I minibot, proprio come i BOT, sono buoni del tesoro ma di piccolo taglio e, in quanto tali, servono anch’essi per pagare i debiti. A proporne l’introduzione, come anticipato sopra, è stato un esponente della Lega ma, in realtà, della loro entrata in vigore se ne era parlato già prima delle elezioni politiche 2018.
Nel programma elettorale di Salvini Premier, nello specifico, i minibot sono stati presentati come dei mini titoli del tesoro destinati a soddisfare tutti quegli imprenditori che, dopo aver investito in titoli di stato, vantano oggi un credito nei confronti dell’amministrazione pubblica.
Come il nome stesso suggerisce, e come già anticipato sopra, i minibot hanno un taglio più piccolo rispetto ai “tradizionali” titoli di stato.

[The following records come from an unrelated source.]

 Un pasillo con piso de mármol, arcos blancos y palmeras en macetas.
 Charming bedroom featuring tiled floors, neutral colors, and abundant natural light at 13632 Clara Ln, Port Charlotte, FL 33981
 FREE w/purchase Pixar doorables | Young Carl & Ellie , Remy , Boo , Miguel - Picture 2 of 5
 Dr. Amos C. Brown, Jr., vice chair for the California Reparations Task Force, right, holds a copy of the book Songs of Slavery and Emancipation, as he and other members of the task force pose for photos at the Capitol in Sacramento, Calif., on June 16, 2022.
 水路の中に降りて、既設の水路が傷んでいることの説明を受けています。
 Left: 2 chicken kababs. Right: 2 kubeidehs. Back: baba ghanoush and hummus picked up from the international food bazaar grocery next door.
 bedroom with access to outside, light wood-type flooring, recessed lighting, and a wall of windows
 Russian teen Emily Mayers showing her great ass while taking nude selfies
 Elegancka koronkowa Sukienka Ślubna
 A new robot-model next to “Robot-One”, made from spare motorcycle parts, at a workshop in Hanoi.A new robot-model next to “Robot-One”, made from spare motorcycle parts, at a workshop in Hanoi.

Mentre i buoni del tesoro, infatti, hanno un valore minimo di 1.000 euro, i minibot possono essere emessi in tagli da 5, 10, 20, 50 e 100 euro.
Ciò che differenzia i minibot dai BOT, inoltre, è che i primi:
- non hanno una scadenza;
- non garantiscono interessi ai possessori;
- non sono obbligatori e, pertanto, lo Stato non sarebbe costretto ad emetterli periodicamente come invece accade con i buoni del tesoro;
- si possono usare solamente per coprire determinate somme, i pagamenti per debiti superiori ai 25mila euro infatti non saranno possibili;
- e sono cartacei (e non digitali).
Presentati come la soluzione alternativa per rilanciare l’economia delle aziende in crisi e le sorti dei piccoli imprenditori in difficoltà, i minibot permetterebbero agli imprenditori di riavere indietro i soldi di cui lo stato è debitore.
Le critiche avanzate dai più scettici, tuttavia, riguardano proprio il meccanismo di utilizzo di questi buoni del tesoro. È vero, infatti, che i minibot avranno un valore preciso e permetteranno alla pubblica amministrazione di erogare denaro sotto forma di titoli ma, come molti hanno fatto notare, con questi soldi non sarà possibile pagare molte determinate spese, essenziali per il funzionamento di un’azienda. Con i minibot, per esempio, un imprenditore (che sia in difficoltà o meno) non potrà pagare i propri fornitori, né potrà convertirli in denaro da usare per retribuire i propri dipendenti.
Questi mini buoni del tesoro, qualora venissero introdotti, potranno essere usati per pagare i debiti di imposta (e quindi saranno fatti valere come una sorta di credito che il contribuente vanta nei confronti dell’amministrazione pubblica). Questa situazione, come hanno sottolineato alcuni, potrebbe avere un effetto negativo non indifferente sulle casse dello Stato. L’Erario, così facendo, non incasserebbe più moneta contante e, di conseguenza, il debito pubblico aumenterebbe ulteriormente.
Per questo motivo, proprio in un intervento recente, il ministro dell’economia Giovanni Tria si è detto contrario all’introduzione dei minibot. “Come economista non sono d’accordo con questa idea – ha dichiarato al Financial Times – Da ministro tutto quello che posso dire è che non abbiamo bisogno di questo strumento”.